I picked this up to weigh the bike and a few other things:

http://www.amazon.com/gp/product/B000E7UJTG/ref=oss_product

There's even a $3 rebate on that so the end price is about $15. It also happens to fit very well on my repair stand when the clamp is oriented vertically, so it's easy to have a stable platform for your weighing... And you can choose lbs. or kilos, whichever your choice may be.

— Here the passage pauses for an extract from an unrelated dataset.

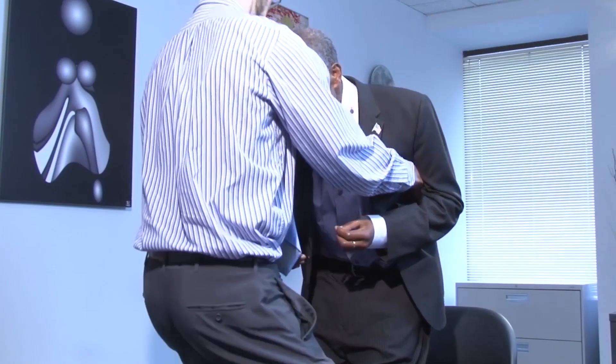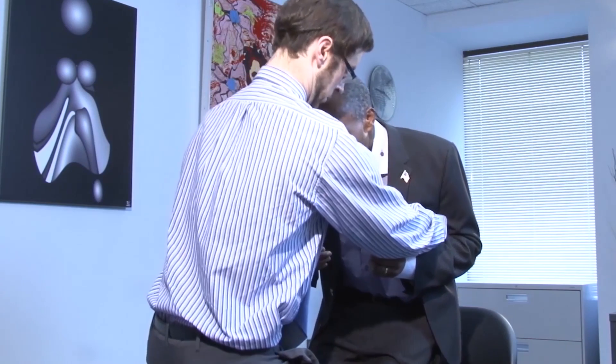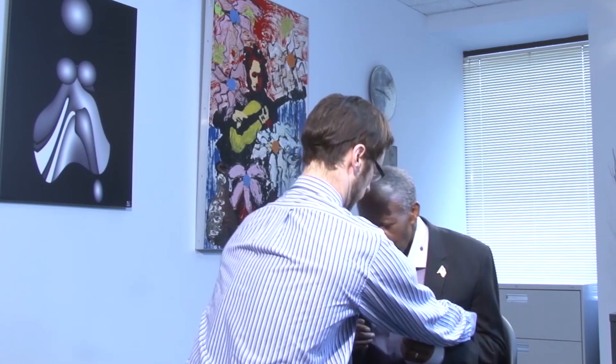As is often seen in PSP, there is an uncontrolled descent, or plopping, or crashing down into a chair. Though for safety reasons, he is helped back into his seat.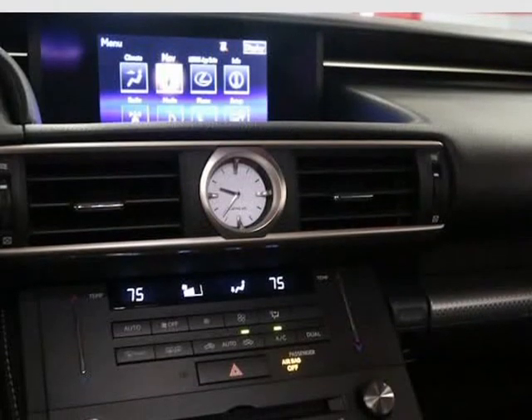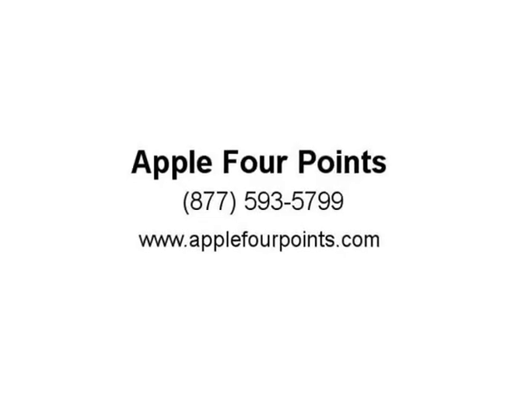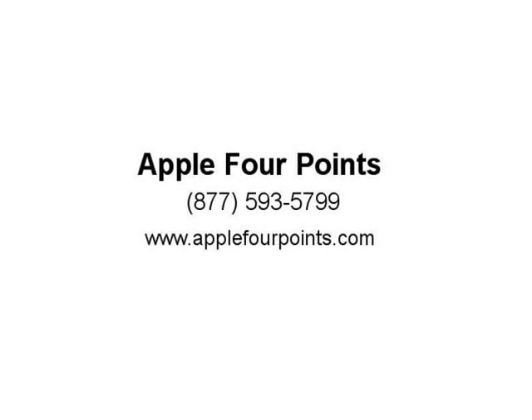Also included: blind spot monitor with RCTA, TFT instrument cluster, heated and ventilated front F Sport seats with drive memory, perforated leather steering wheel and shift knob, aluminum pedals, power steering column, silver perforated trim, and adaptive variable suspension.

For finer weights (like individual components) I use a kitchen scale. My wife thinks I bought it to measure food portions... Heh heh heh. I bought this one:

http://www.amazon.com/gp/product/B001N07KUE/ref=oss_product

$25 and gets unbelievably good reviews, 5 stars with over 1000 people, uhhh, "weighing in" (if you are familiar with the consumer ratings of products on Amazon, almost NOTHING gets 5 stars if it has over a dozen reviews or so). That same scale is available from a few different manufacturers and I think one is as cheap as $20. There are also several colors if you want it to fit in with your kitchen decor.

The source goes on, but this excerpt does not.